London remains the primary engineering hub, though Improbable maintains teams in other locations. The Spitalfields office reflects the company's personality: open, somewhat understated, with an emphasis on collaborative workspace rather than flashy perks. That said, the compensation and equity packages are competitive with what top-tier London tech companies offer, a reflection of how seriously Improbable takes the calibre of the people it hires.

Working at the Edge

What distinguishes Improbable from many London employers is the nature of its technical challenges. Engineers here are not optimising ad-click pipelines or building yet another SaaS dashboard. They are solving problems in distributed consensus, spatial partitioning, entity lifecycle management at scale, and real-time synchronisation across continents. For the right kind of engineer, this is deeply compelling work.

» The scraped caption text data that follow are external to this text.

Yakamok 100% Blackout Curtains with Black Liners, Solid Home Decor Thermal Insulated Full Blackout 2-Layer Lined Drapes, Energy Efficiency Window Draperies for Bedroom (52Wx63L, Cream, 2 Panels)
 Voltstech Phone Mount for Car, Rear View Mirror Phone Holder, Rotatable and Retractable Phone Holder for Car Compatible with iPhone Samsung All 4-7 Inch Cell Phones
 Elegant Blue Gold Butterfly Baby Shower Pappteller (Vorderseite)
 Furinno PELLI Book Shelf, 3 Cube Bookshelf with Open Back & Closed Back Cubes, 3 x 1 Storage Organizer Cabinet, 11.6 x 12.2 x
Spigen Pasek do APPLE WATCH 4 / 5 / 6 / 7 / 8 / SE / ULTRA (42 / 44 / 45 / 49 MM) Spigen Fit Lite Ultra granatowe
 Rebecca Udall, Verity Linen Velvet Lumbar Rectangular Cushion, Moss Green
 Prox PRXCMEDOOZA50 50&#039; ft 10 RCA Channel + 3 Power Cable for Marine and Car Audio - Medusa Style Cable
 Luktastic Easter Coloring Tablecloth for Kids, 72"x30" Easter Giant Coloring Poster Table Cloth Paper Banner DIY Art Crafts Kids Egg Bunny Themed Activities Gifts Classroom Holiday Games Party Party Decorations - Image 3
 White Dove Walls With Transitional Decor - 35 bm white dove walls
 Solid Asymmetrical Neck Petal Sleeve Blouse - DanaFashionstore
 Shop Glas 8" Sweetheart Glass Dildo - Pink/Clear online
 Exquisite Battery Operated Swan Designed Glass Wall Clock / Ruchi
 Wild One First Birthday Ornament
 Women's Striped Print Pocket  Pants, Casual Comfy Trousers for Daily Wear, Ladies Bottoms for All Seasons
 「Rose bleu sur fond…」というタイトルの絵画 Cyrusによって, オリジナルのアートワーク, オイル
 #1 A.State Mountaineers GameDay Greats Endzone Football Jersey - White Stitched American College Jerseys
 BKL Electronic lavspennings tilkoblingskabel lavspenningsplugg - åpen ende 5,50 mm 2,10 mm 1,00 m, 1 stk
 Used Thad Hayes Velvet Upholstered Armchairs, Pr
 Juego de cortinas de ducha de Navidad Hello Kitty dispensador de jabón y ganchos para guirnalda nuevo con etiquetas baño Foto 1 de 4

The company has also invested in its defence and simulation business, which brings its own set of challenges. Security clearances, compliance requirements, and the need for deterministic, reproducible simulations add layers of complexity that consumer-facing products rarely encounter. Engineers who work across both the commercial and defence sides of the business gain an unusually broad perspective.

What Lies Ahead

Improbable's trajectory is not without uncertainty. The metaverse as a cultural moment has faded from headlines, and the company must demonstrate that its technology can sustain viable businesses in the near term while keeping its longer-term bets alive. The defence and simulation work provides steady revenue and credibility. The virtual worlds platform, meanwhile, continues to evolve.

For prospective employees, the question is whether you are drawn to a company that is building something genuinely novel, with all the risk and reward that entails. Improbable is not a safe bet in the way that a large established tech firm might be. It is, however, one of the few places in London where you can work on problems that push the boundaries of what distributed computing can do, in service of experiences that millions of people may one day inhabit.